Senator Wiener’s Legislation to Strengthen Timely Care for Mental Health and Substance Use Disorders Passes Senate Health Committee
SACRAMENTO - Senator Scott Wiener (D-San Francisco)’s legislation, SB 221, which would require health plans and insurers to provide patients with timely follow-up care for mental health issues and substance use disorders, passed the Senate Health Committee by a vote of 9-0. It will now head to the Senate Appropriations Committee.
California’s current law requires that Health Maintenance Organizations (HMOs) and insurers provide initial care for patients within ten business days following enrollment. But, under current interpretation of the law, health plans and insurers are not required to provide timely subsequent care for patients after an initial appointment. This loophole means that those suffering from mental health issues (from depression and anxiety to schizophrenia) and addiction may not be given adequate mental health care that they need to get better, or even a second appointment. With significant delays in accessing mental health care, we have seen a number of tragic suicides. In Santa Rosa, Elizabeth Brown and Barbara Ragan took their own lives after facing long delays in accessing care. Mental health care and substance use disorder treatment is urgent and necessary, and people should have timely access to it before they go into crisis and their situations escalate.
SB 221 will establish clear timely access standards for HMOs who operate under Department of Managed Health Care (DMHC) and health insurers who fall under the jurisdiction of the California Department of Insurance (CDI), requiring them to provide follow-up appointments and other forms of care within ten business days, unless a provider believes a longer gap is appropriate.
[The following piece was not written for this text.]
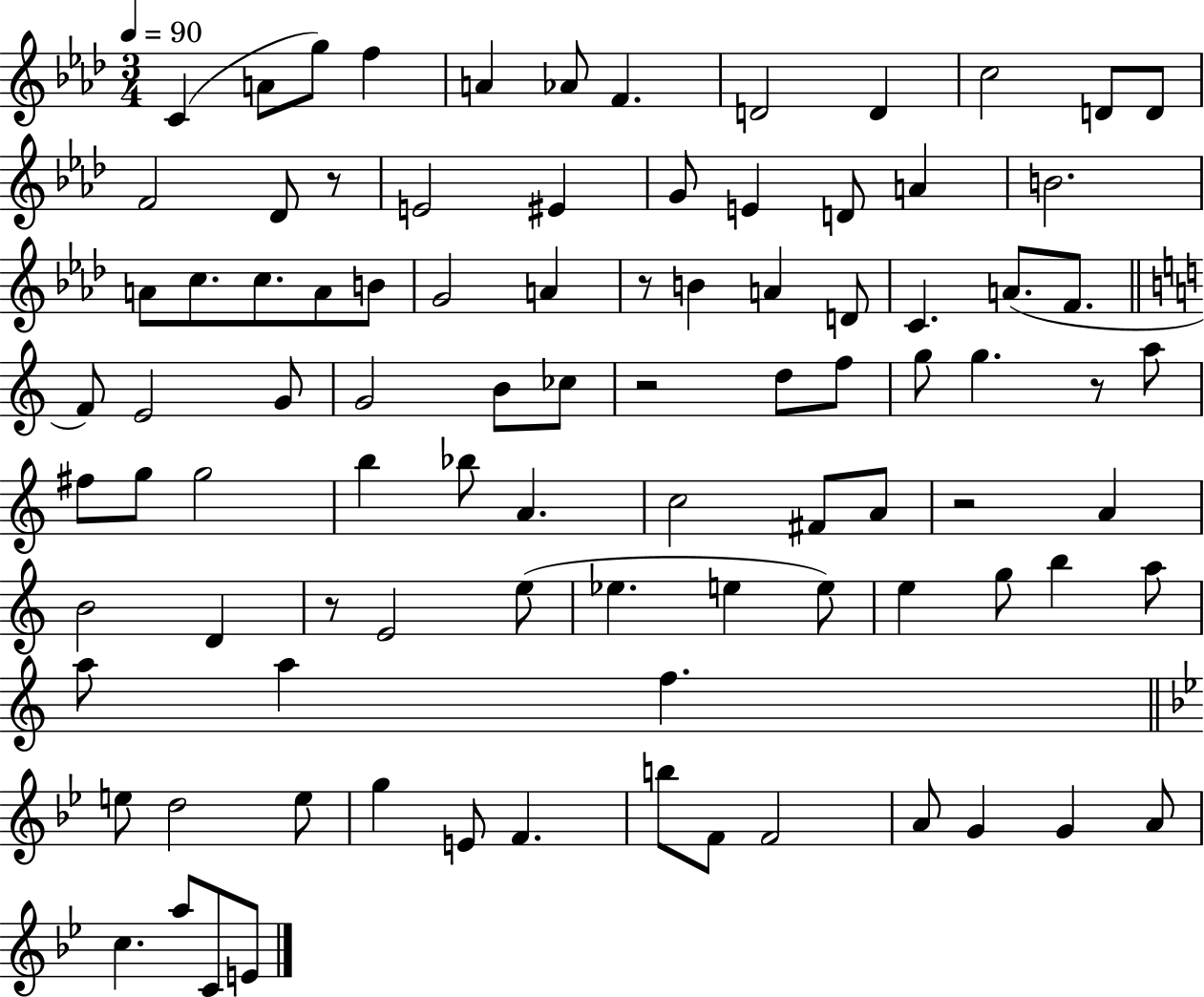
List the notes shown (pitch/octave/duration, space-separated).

C4/q A4/e G5/e F5/q A4/q Ab4/e F4/q. D4/h D4/q C5/h D4/e D4/e F4/h Db4/e R/e E4/h EIS4/q G4/e E4/q D4/e A4/q B4/h. A4/e C5/e. C5/e. A4/e B4/e G4/h A4/q R/e B4/q A4/q D4/e C4/q. A4/e. F4/e. F4/e E4/h G4/e G4/h B4/e CES5/e R/h D5/e F5/e G5/e G5/q. R/e A5/e F#5/e G5/e G5/h B5/q Bb5/e A4/q. C5/h F#4/e A4/e R/h A4/q B4/h D4/q R/e E4/h E5/e Eb5/q. E5/q E5/e E5/q G5/e B5/q A5/e A5/e A5/q F5/q. E5/e D5/h E5/e G5/q E4/e F4/q. B5/e F4/e F4/h A4/e G4/q G4/q A4/e C5/q. A5/e C4/e E4/e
In the California Health Care Foundation's most recent survey of Californians’ health care priorities, 52% of those who tried to make a mental health appointment believe they waited longer than was reasonable to get one.
With COVID-19 exacerbating an already dire mental health and substance use crisis facing our country, timely access to mental health care is more important than ever. National survey data shows that the rate of anxiety and depression has tripled over the last year, and a recent CDC study found that an astounding one in four people age 18 to 24 has seriously considered suicide in the past 30 days. Additionally, substance use and overdose deaths are on the rise nationally since the beginning of the pandemic, and San Francisco has seen a record number of overdose deaths. In San Francisco, overdose deaths outpaced COVID-19 deaths by a margin of three to one.
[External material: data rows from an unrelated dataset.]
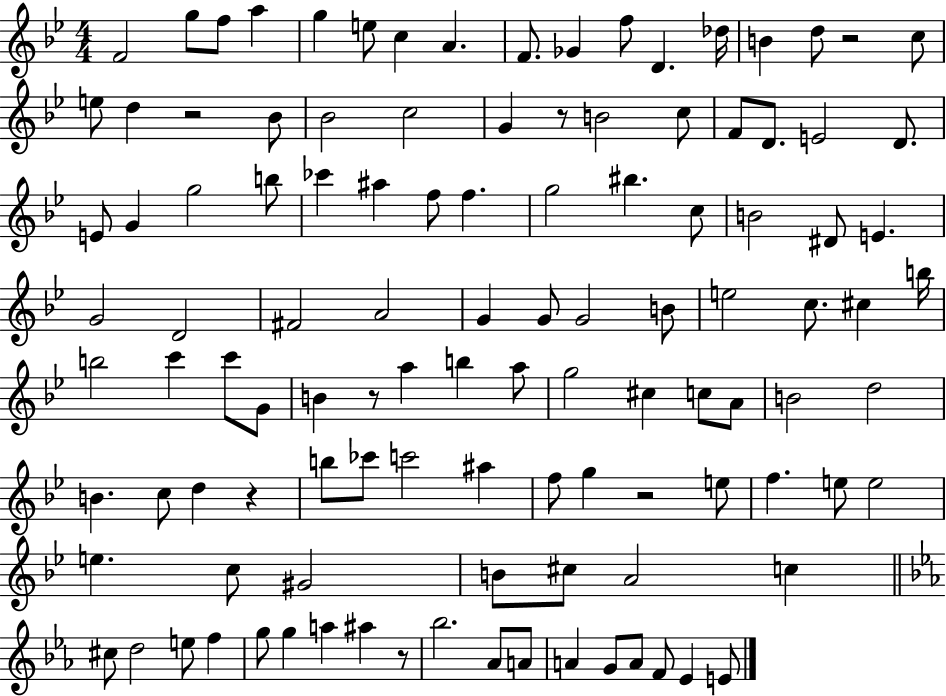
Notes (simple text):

F4/h G5/e F5/e A5/q G5/q E5/e C5/q A4/q. F4/e. Gb4/q F5/e D4/q. Db5/s B4/q D5/e R/h C5/e E5/e D5/q R/h Bb4/e Bb4/h C5/h G4/q R/e B4/h C5/e F4/e D4/e. E4/h D4/e. E4/e G4/q G5/h B5/e CES6/q A#5/q F5/e F5/q. G5/h BIS5/q. C5/e B4/h D#4/e E4/q. G4/h D4/h F#4/h A4/h G4/q G4/e G4/h B4/e E5/h C5/e. C#5/q B5/s B5/h C6/q C6/e G4/e B4/q R/e A5/q B5/q A5/e G5/h C#5/q C5/e A4/e B4/h D5/h B4/q. C5/e D5/q R/q B5/e CES6/e C6/h A#5/q F5/e G5/q R/h E5/e F5/q. E5/e E5/h E5/q. C5/e G#4/h B4/e C#5/e A4/h C5/q C#5/e D5/h E5/e F5/q G5/e G5/q A5/q A#5/q R/e Bb5/h. Ab4/e A4/e A4/q G4/e A4/e F4/e Eb4/q E4/e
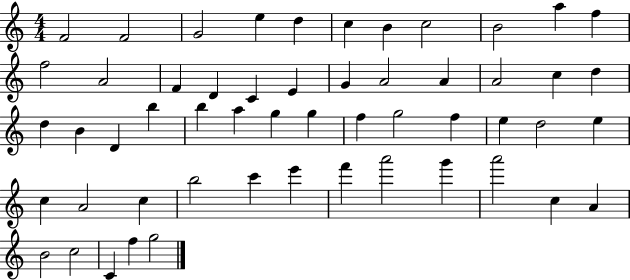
{
  \clef treble
  \numericTimeSignature
  \time 4/4
  \key c \major
  f'2 f'2 | g'2 e''4 d''4 | c''4 b'4 c''2 | b'2 a''4 f''4 | \break f''2 a'2 | f'4 d'4 c'4 e'4 | g'4 a'2 a'4 | a'2 c''4 d''4 | \break d''4 b'4 d'4 b''4 | b''4 a''4 g''4 g''4 | f''4 g''2 f''4 | e''4 d''2 e''4 | \break c''4 a'2 c''4 | b''2 c'''4 e'''4 | f'''4 a'''2 g'''4 | a'''2 c''4 a'4 | \break b'2 c''2 | c'4 f''4 g''2 | \bar "|."
}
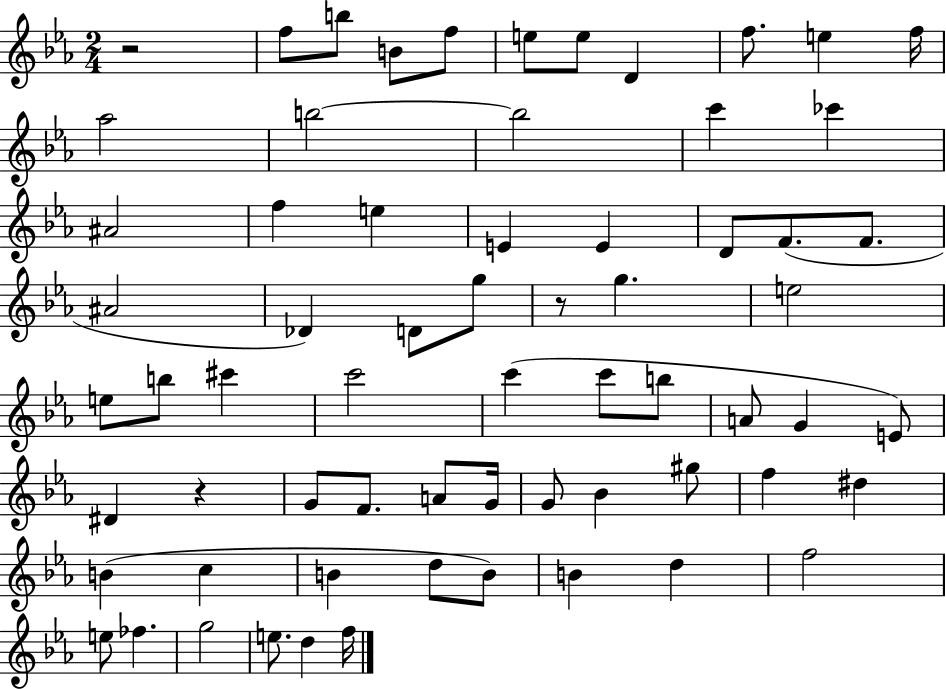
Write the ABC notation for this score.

X:1
T:Untitled
M:2/4
L:1/4
K:Eb
z2 f/2 b/2 B/2 f/2 e/2 e/2 D f/2 e f/4 _a2 b2 b2 c' _c' ^A2 f e E E D/2 F/2 F/2 ^A2 _D D/2 g/2 z/2 g e2 e/2 b/2 ^c' c'2 c' c'/2 b/2 A/2 G E/2 ^D z G/2 F/2 A/2 G/4 G/2 _B ^g/2 f ^d B c B d/2 B/2 B d f2 e/2 _f g2 e/2 d f/4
SB 221 is sponsored by the National Union of Healthcare Workers (NUHW), which represents more than 4,000 mental health and substance use disorder clinicians in California.
"Mental health must be a top priority for our state as we come out of a brutal year, during which we’ve seen a terrifying rise in mental health crises," said Senator Wiener. "Healthcare companies need to provide adequate care – including follow-up care – for anyone experiencing mental health or substance use issues. Mental health care is health care, and we need to treat it as such."
"Today's vote brings California closer than ever to achieving real parity for mental health care," said Sal Rosselli, president of the National Union of Healthcare Workers, the state's largest union representing private sector mental health clinicians. "Delaying mental health and substance use disorder treatment can be as life-threatening as delaying chemotherapy or dialysis. Our members are confronting an unprecedented surge in demand for mental health care, and they will do everything in their power to enact this law, so their patients won't have to keep waiting weeks or months for their next therapy appointment."
"Teenagers struggling with depression, anxiety and serious trauma should not have to wait four-to six weeks to get follow-up care," said Michael Torres, a child psychologist at Kaiser Permanente's San Leandro clinic. "There is no nationally recognized standard practice that suggests four to six weeks between sessions is OK. It's dangerous, and we need to pass SB 221 into law to protect our patients and provide them with the care they need."